Article Details
Scrape Timestamp (UTC): 2023-11-03 09:37:04.540
Source: https://thehackernews.com/2023/11/canesspy-spyware-discovered-in-modified.html
Original Article Text
Click to Toggle View
CanesSpy Spyware Discovered in Modified WhatsApp Versions. Cybersecurity researchers have unearthed a number of WhatsApp mods for Android that come fitted with a spyware module dubbed CanesSpy. These modified versions of the instant messaging app have been observed propagated via sketchy websites advertising such software as well as Telegram channels used primarily by Arabic and Azerbaijani speakers, one of which boasts 2 million users. "The trojanized client manifest contains suspicious components (a service and a broadcast receiver) that cannot be found in the original WhatsApp client," Kaspersky security researcher Dmitry Kalinin said. Specifically, the new additions are designed to activate the spyware module when the phone is switched on or starts charging.

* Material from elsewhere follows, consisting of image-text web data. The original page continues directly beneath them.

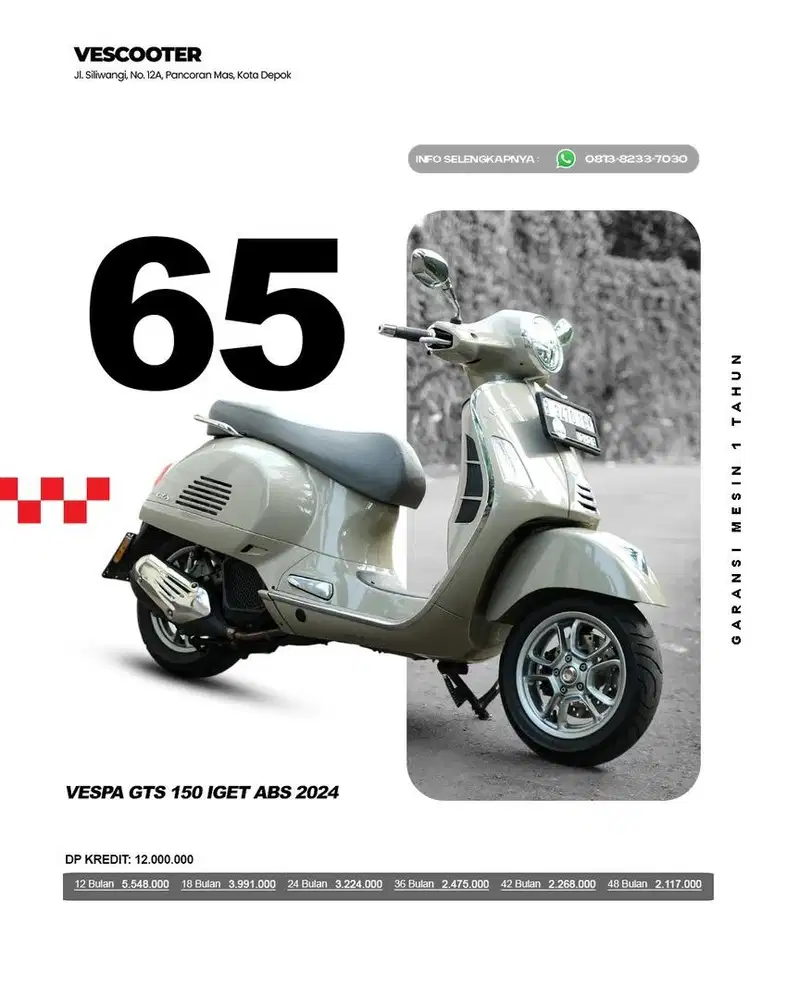 VESPA GTS 150 IGET ABS 2024
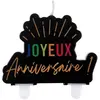 Image de Bougie Anniversaire Festicolor - Noir FETE25-9021NOIR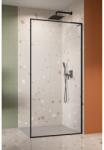 Radaway Perete sticla dus Walk In Radaway Modo F SL 80xH216 cm, profil negru (10419084-54-01L)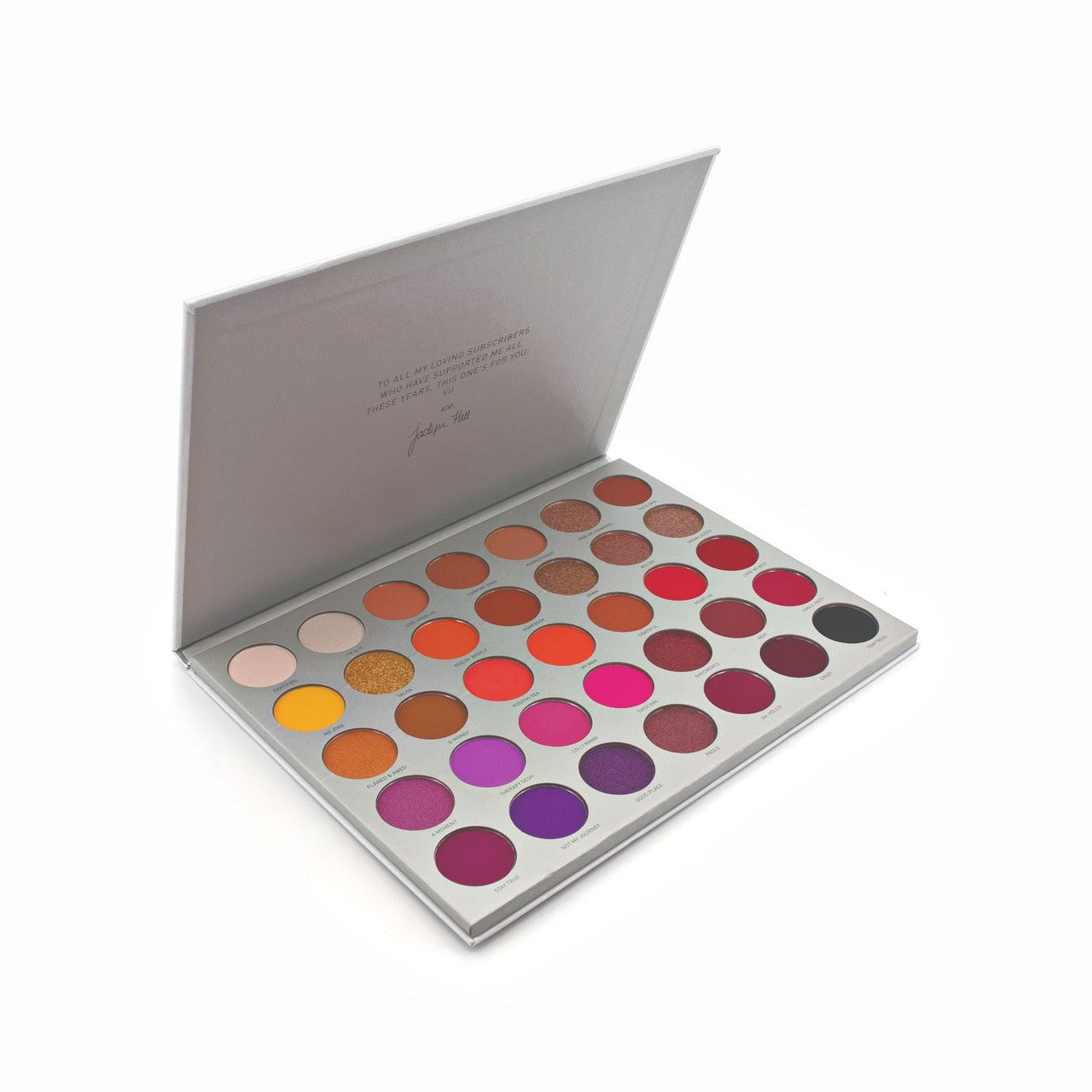 Morphe X Jaclyn Hill Vol II eyeshadow palette open packaging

It subsequently proceeds to establish contact with a command-and-control (C2) server, followed by sending information about the compromised device, such as the IMEI, phone number, mobile country code, and mobile network code. CanesSpy also transmits details about the victim's contacts and accounts every five minutes, in addition to awaiting further instructions from the C2 server every minute, a setting that can be reconfigured. This includes sending files from external storage (e.g., removable SD card), contacts, recording sound from the microphone, sending data about the implant configuration, and altering the C2 servers. The fact that the messages sent to the C2 server are all in Arabic indicates that the developer behind the operation is an Arabic speaker. Further analysis of the operation shows that the spyware has been active since mid-August 2023, with the campaign primarily targeting Azerbaijan, Saudi Arabia, Yemen, Turkey, and Egypt. The development marks the continued abuse of modified versions of messaging services like Telegram and WhatsApp to distribute malware to unsuspecting users. "WhatsApp mods are mostly distributed through third-party Android app stores, which often lack screening and fail to take down malware," Kalinin said. "Some of these resources, such as third-party app stores and Telegram channels, enjoy considerable popularity, but that is no guarantee of safety."
Daily Brief Summary
Cybersecurity researchers have discovered a spyware, called 'CanesSpy', integrated within modified versions of the WhatsApp Android application.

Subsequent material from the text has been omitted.